I have a 1993 Hymer 670 which i am currently renovating. Its my 1st van. I have a operating manual but its in german. 

Can anyone help me with an english version.

Thanks.


----------



## lgbzone (Oct 8, 2008)

We were in the same situation with our 1985 hymer, i emailed hymer direct and they emailed me an electronic one in english within a couple of days.

HTH


----------



## Westkirby01 (Jan 25, 2009)

Have a look

Resources
Useful Downloads
User manuals
S670
S550


----------



## veevee (Nov 6, 2011)

Westkirby01 said:


> Have a look
> 
> Resources
> Useful Downloads
> ...


Hello

I may have misssed it but can't see the manual for a S670 although the S550 is there.


----------



## fionn (Nov 29, 2011)

Yeah i have looked and there is no S670 download.

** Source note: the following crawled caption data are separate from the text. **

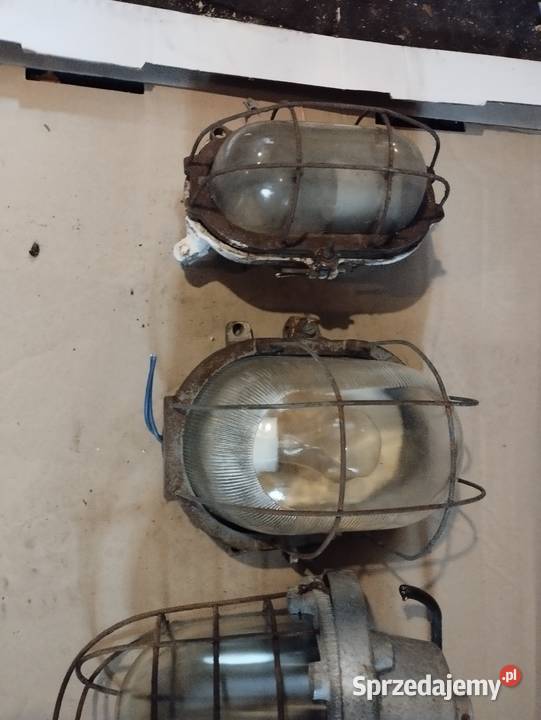 Stara lampa warsztatowa PRL dolnośląskie Bolesławiec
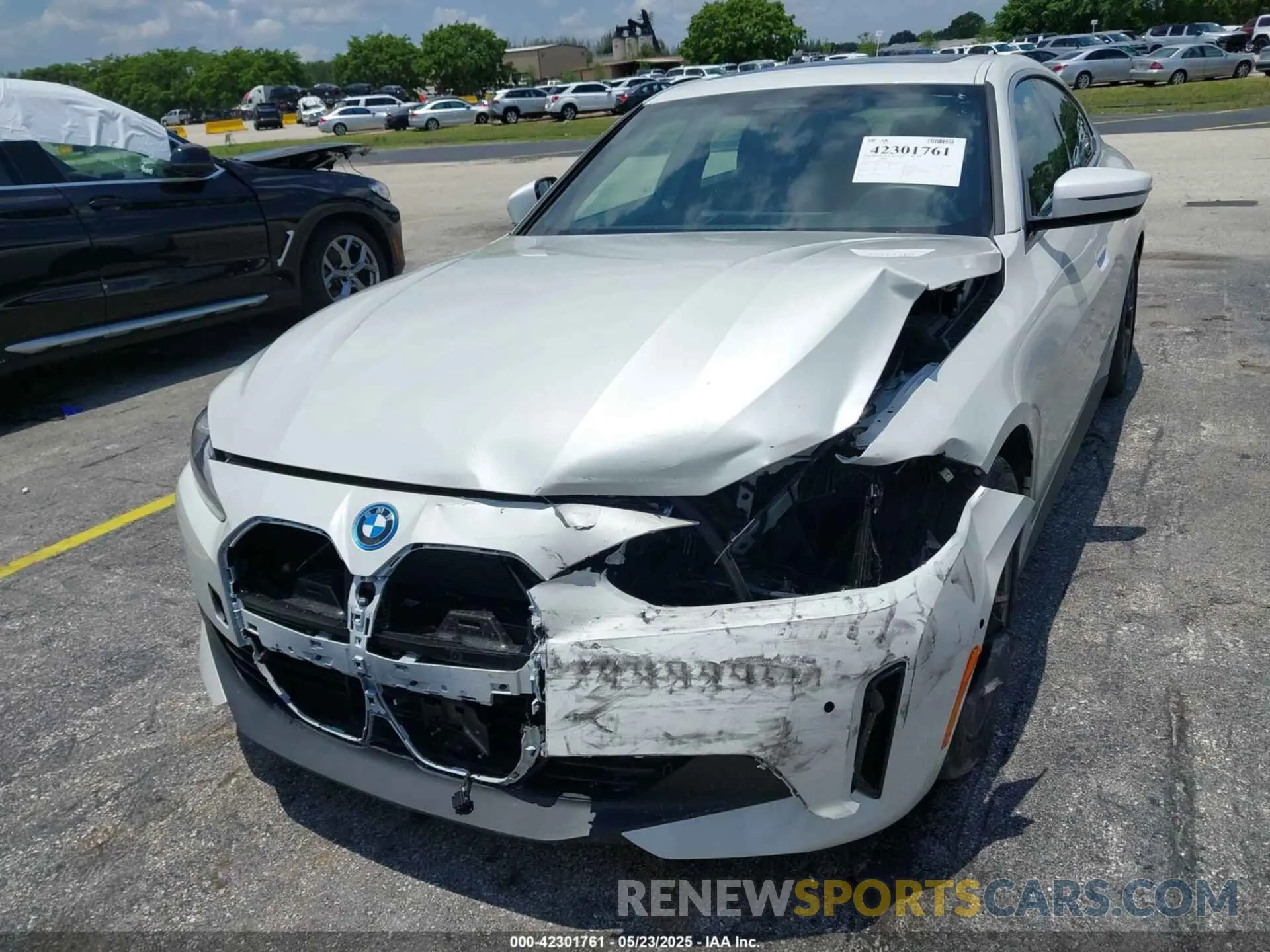20 Photograph of a damaged car WBY43HD0XSFT98768 BMW I4 2025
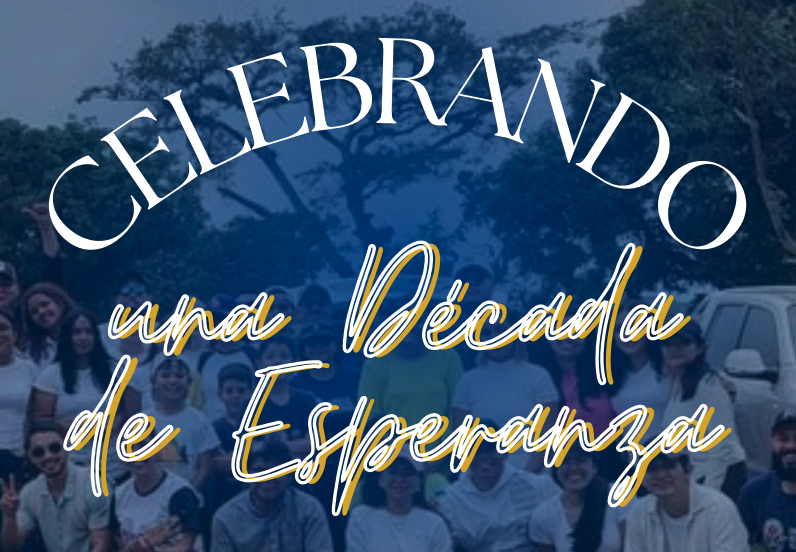 Group of people outdoors with trees and cars, overlaid with the text 'Celebrando una Década de Esperanza'.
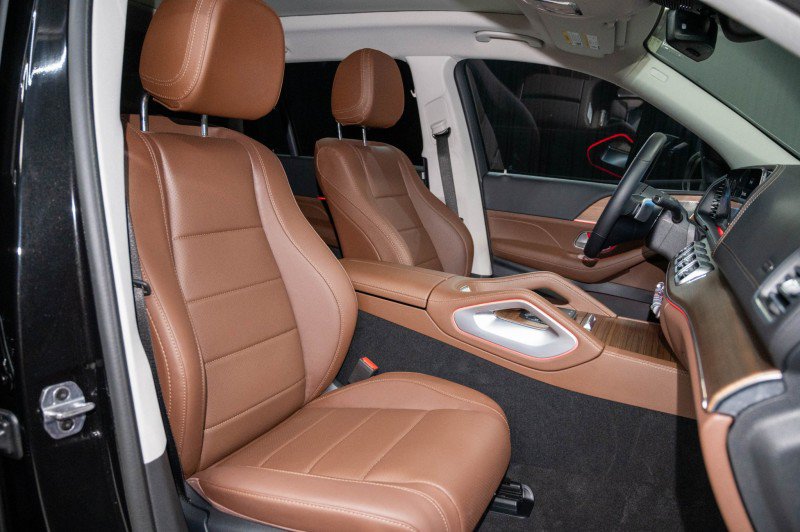 Certified 2026 Mercedes-Benz GLS 450 4MATIC image 14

I might try email hymer Germany


----------



## Westkirby01 (Jan 25, 2009)

The s660 is the first of the manuals. Apologies as it is is German, I had forgotten that. But it is very easy to understand. And if you need to contact Hymer, the part numbers are marked.

s650/660/670/680/690 are the same. Only length is different. Usually the addition of the bar cabinet.


----------